Robin Lineberger: All about the co-opetition
Lineberger is credited with bringing an almost Silicon Valley-like environment to Deloitte's innovation center.
Robin Lineberger of Deloitte (Photo by Zaid Hamid)
Robin Lineberger has been many things in his career: Air Force officer, BearingPoint executive, CEO of Deloitte Federal Government Services, board member of multiple industry associations, and now senior advisor to Deloitte's aerospace and defense group. Through it all, however, he has always been a people person.
Not in the sense of being amiable and well-liked by his peers -- though he is that, too -- but rather in his belief that cultivating talent and fostering collaboration are the cornerstones of any enterprise's success. "It's going to start and end with human capital," Lineberger told FCW. "People with talent have options. ... This industry needs to track and retain the best talent that we can get."
So when Lineberger and his peers on the Professional Services Council’s Leadership Commission found themselves discussing the changing landscape of federal acquisition, they quickly realized that a broader conversation was needed.

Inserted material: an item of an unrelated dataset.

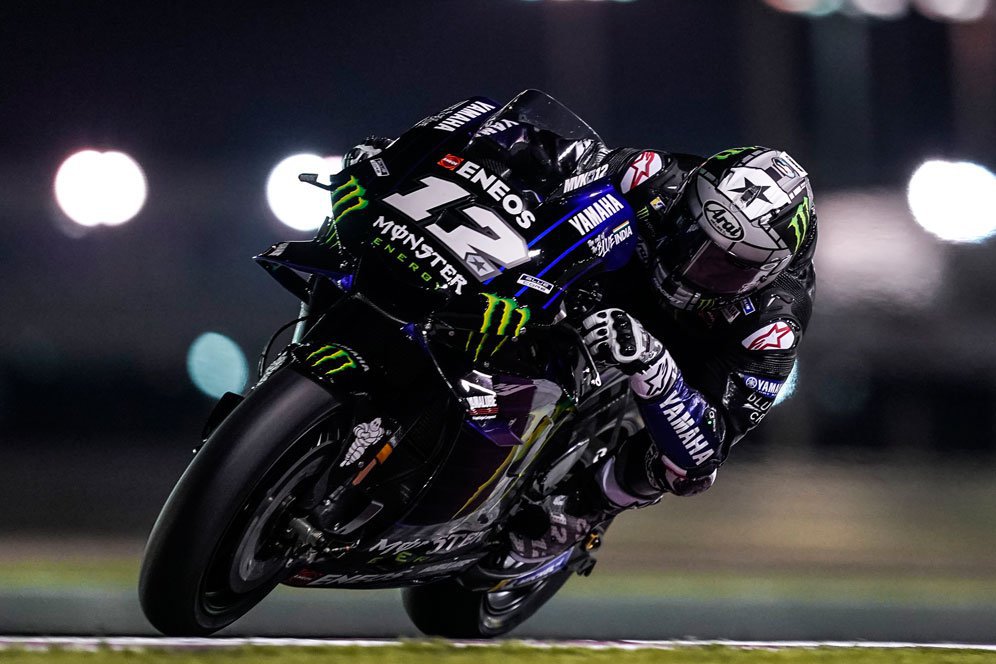 Vinales Senang Terbukti Kompetitif di Qatar, Ogah Terlena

"There was something going on in the marketplace that ... we felt could have mid- and long-term damage to the professional services industrial complex," he explained, "and to the level of service that was ultimately going to be provided to the federal government. "So we decided that we should step back, rather than whining about it ... and try to look at the root causes."

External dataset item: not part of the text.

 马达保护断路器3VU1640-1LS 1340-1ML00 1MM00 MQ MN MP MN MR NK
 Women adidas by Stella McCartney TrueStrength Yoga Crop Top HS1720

The resulting report, “From Crisis to Opportunity: Creating a New Era of Government Efficiency,” resonated with industry and agency executives alike, and the research that went into it sparked some much-needed exchanges between the many stakeholders.
"The report contributed to a discussion about how technologies like software as a service and infrastructure as a service are transforming technology," said Trey Hodgkins, the longtime TechAmerica executive who is now a senior vice president with the Information Technology Alliance for Public Sector. "It helps make sure government is in the swim lanes when it comes to the cloud."
None of that would have happened, Lineberger said, if he and his colleagues had not focused on government's needs as well as their own. "We took great care to engage the CIO community, the acquisition community," he said. "And when we began to engage with the government ... they were having the same challenges."
That focus on conversations and common interests seems to come naturally to Lineberger, who is credited with bringing an almost Silicon Valley-like environment to Deloitte's innovation center. In his new role -- the August 2013 shift from CEO to senior advisor was part of a long-planned succession strategy -- he's using that perspective to help the firm find new ways of working with its aerospace customers. "Before, I was administering and creating the channels that allowed us to bring our capability into the government," he explained. "Now, I find it really refreshing and reinvigorating to get out and work directly with these executives -- because I've faced many of the same challenges that they're facing."
And in the broader market, that ability to embrace what he calls "co-opetition" makes Lineberger a sought-after leader on any number of projects. So when TechAmerica Public Sector needed a new board chairman in early 2013, Lineberger was an obvious pick to step into the role. The group was at an inflection point in terms of both strategy and finances, and not long thereafter lost Hodgkins and his team to ITAP. But Lineberger leaned into the challenge of reshaping the organization, recruiting new talent and "bringing in some different kinds of firms that represent the technologies of the future."
"I think the yellow light stopped flashing," he said. "The gaps are filled. The strategy is set. Now we just need to demonstrate to the community that these new assets can actually execute."
And Lineberger is even more optimistic about the market as a whole, despite the prospect of tight agency budgets for the foreseeable future.
"The client [still] has got to figure out how to do what they do more efficiently and effectively, and try to drive costs out while the demand is getting bigger," he said. "Those fundamental market issues are going to drive demand."
And however much the acquisition landscape might change, Lineberger predicted that the real innovations will come from firms that think outside the process. "Those that are going to be successful aren't going to wait for an RFP," he said. "They're going to come to the client with ideas about how they're going to drive positive change."
"Those people can win over the next several years."